How fast the system makes updates has nothing to do with it.
Premise: The current state is "foo". Alice would like to change the state to "bar". Bob would like to change the state to "baz". Alice and Bob are friendly (non-antagonistic) coworkers.
Naive sequence:
1. Alice: READ STATE => foo
2. Bob: READ STATE => foo
3. Alice: SET STATE=bar
4. Bob: SET STATE=baz <-- this is where the "confusing"/"wrong" thing happened. Bob did not expect to overwrite his coworker's work.
The solution is that instead of a naive "set", to use "test-and-set" operation.
Bob may or may not be concerned with what the state is/was, and more concerned with what state the system needs to converge on.
I take your point, although the assumption is that Bob wants to set state=baz IFF (if and only if) state==foo. However he may simply need the state to be baz, regardless what the previous state was.
Many systems (especially caching systems) make a point of differentiating the `set` operation from a `check and set` operation (usually known as `cas`) in systems where both of these operations are available you are quite able to intelligently differentiate those two resolution states.
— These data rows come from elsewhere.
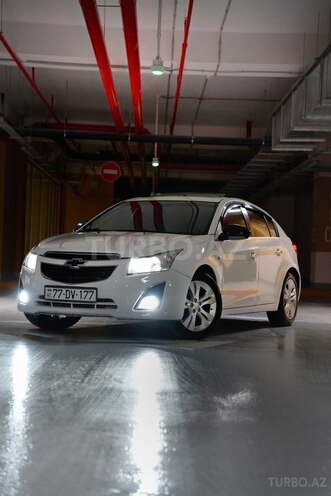 Chevrolet Cruze-1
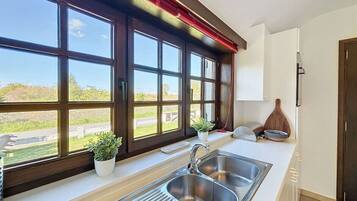 Een koelkast, een magnetron, een oven, een kookplaat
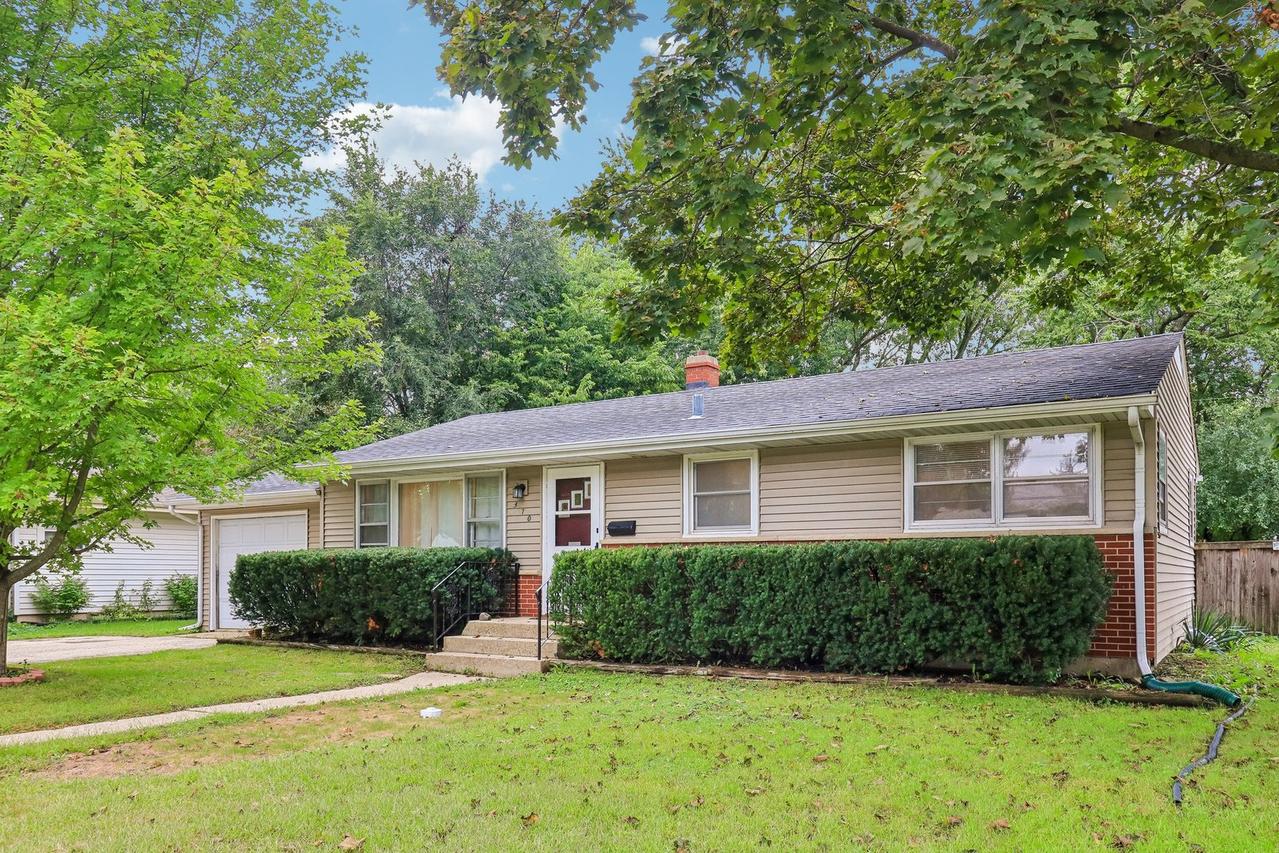 370 W Margaret Ter., Cary, IL 60013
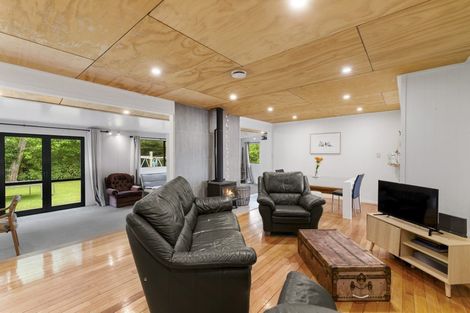 Photo of property in 15 John Road, Fairy Springs, Rotorua, 3015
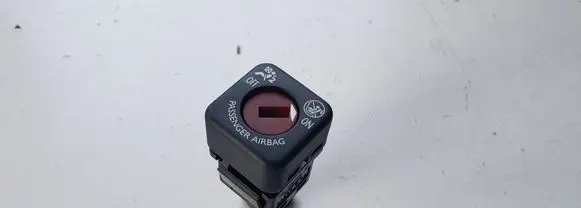 Opel Mokka X Passenger airbag on/off switch 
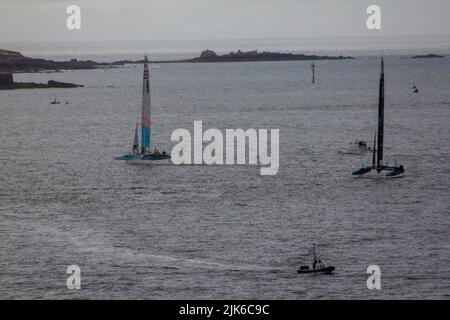 SailGP, Plymouth, Royaume-Uni. 31st juillet 2022. HRH Duchesse de Cambridge est à bord du bateau GB conduit par Ben Ainslie pour participer à une course du Commonwealth contre la Nouvelle-Zélande. Dernier jour pour le Grand Prix de voile britannique, alors que Ocean City accueille le troisième événement de la saison 3 comme la course la plus compétitive sur l'eau. L'événement revient à Plymouth le 30-31 juillet. Crédit : Julian Kemp/Alay Live News Banque D'Images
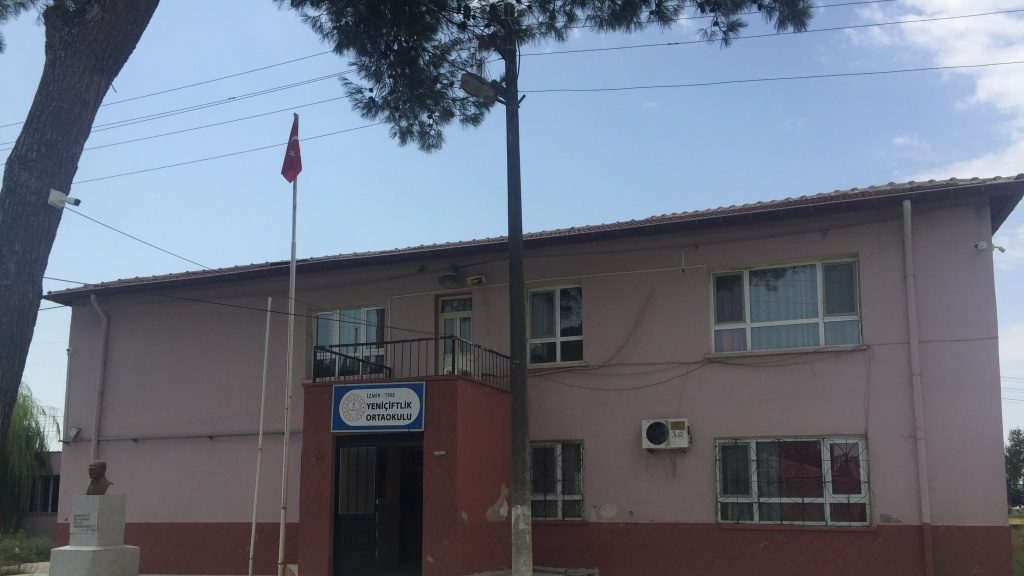 Yeniçiftlik Ortaokulu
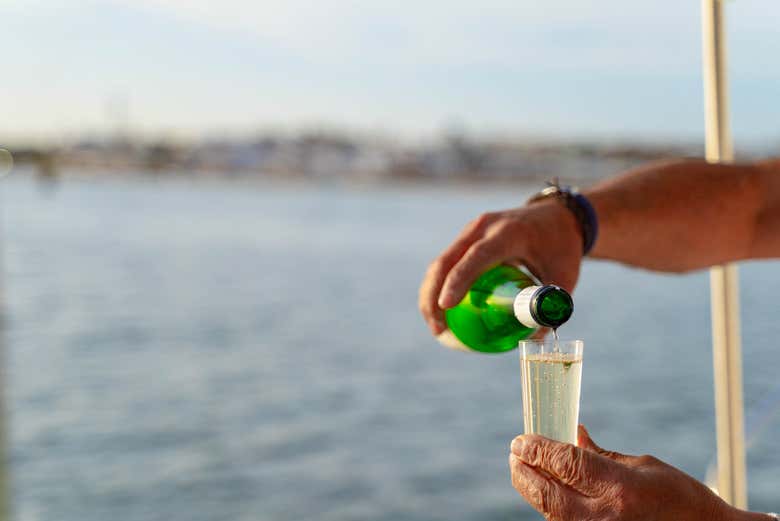 Taça de vinho do Condado junto do rio Piedras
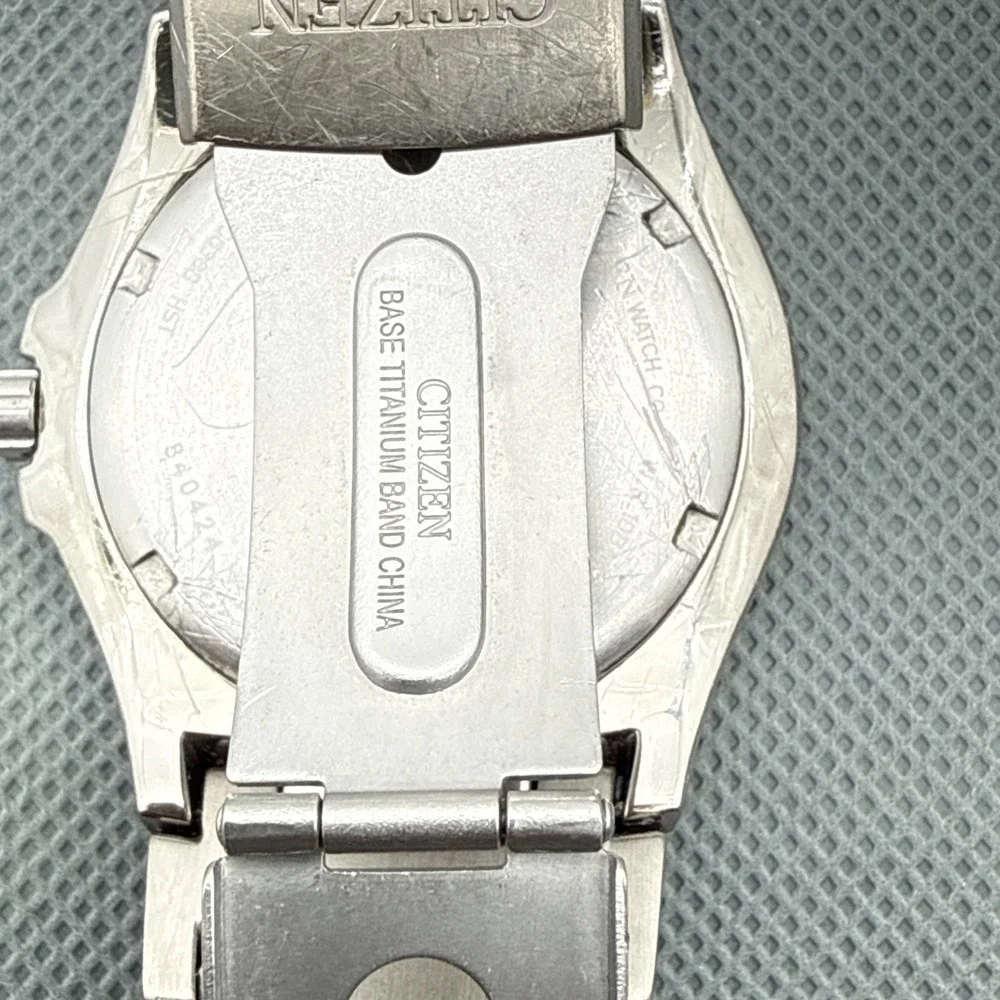 Citizen Eco-Drive Titanium E111 Solar Men's Japan Watch New Orig Battery Cell
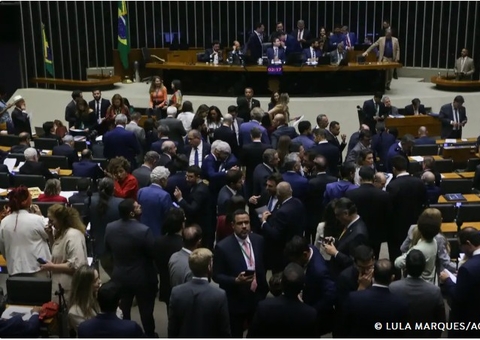 Câmara aprova isenção de imposto de renda para quem ganha até R$ 5 mil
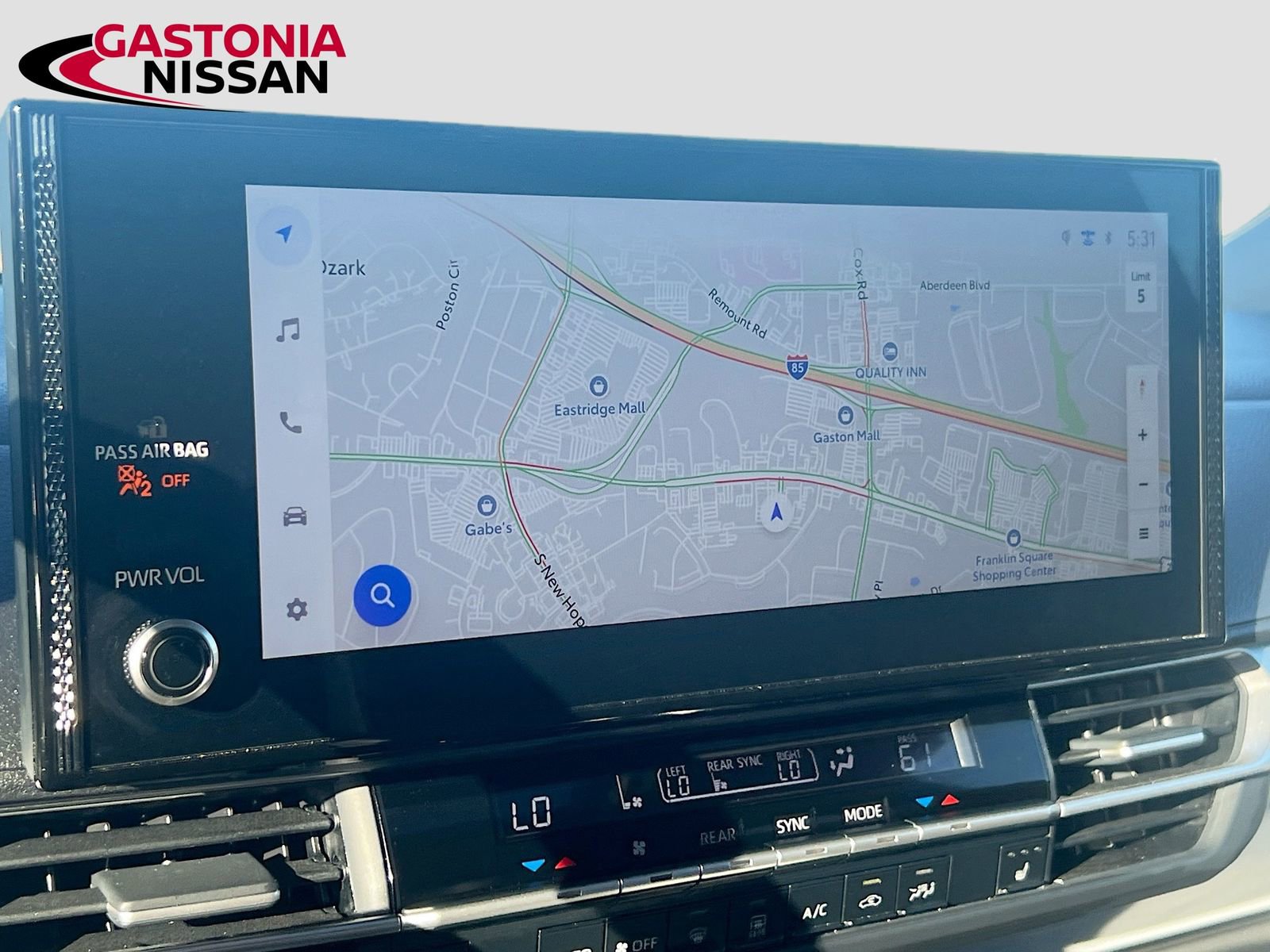 Used 2025 Toyota Sienna XLE image 17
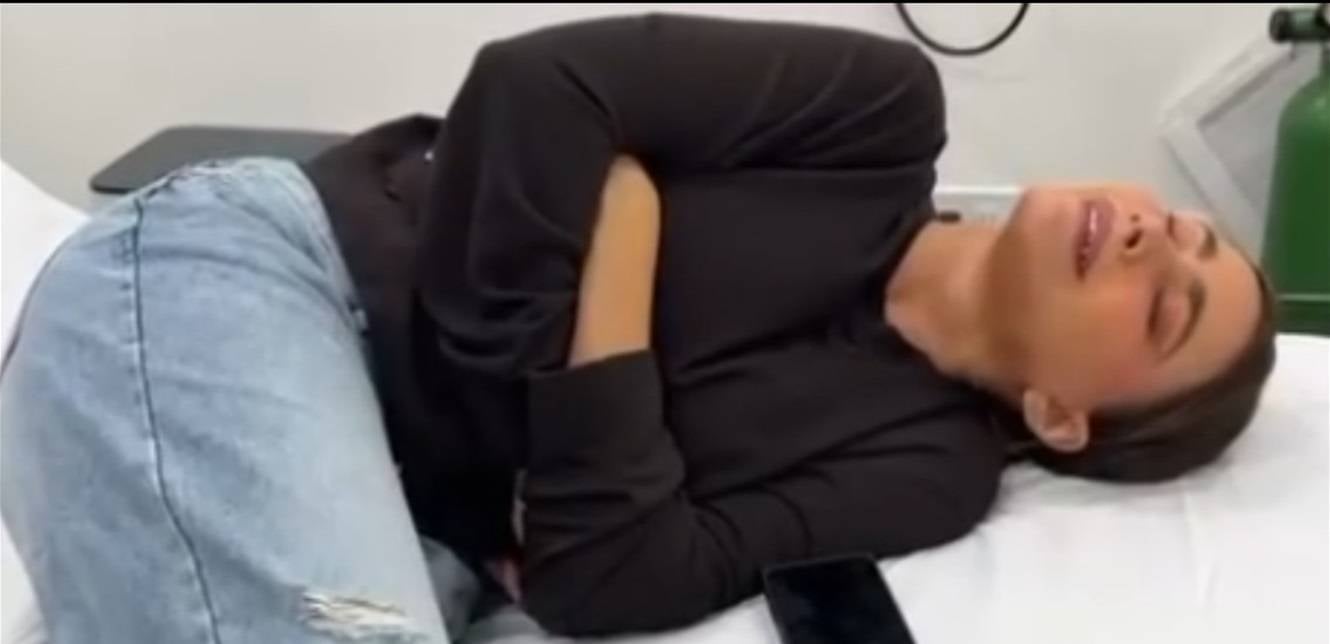 أُدخلت بشكل عاجل إلى قسم الطوارئ.. نجمة شهيرة في المستشفى لسبب غريب!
Premise: The current state is "foo". Alice would like to change the state to "bar". Bob would like to change the state to "baz". Alice and Bob are friendly (non-antagonistic) coworkers.
Naive sequence:
1. Alice: READ STATE => foo
2. Bob: READ STATE => foo
3. Alice: SET STATE=bar
4. Bob: SET STATE=baz <-- this is where the "confusing"/"wrong" thing happened. Bob did not expect to overwrite his coworker's work.
The solution is that instead of a naive "set", to use "test-and-set" operation.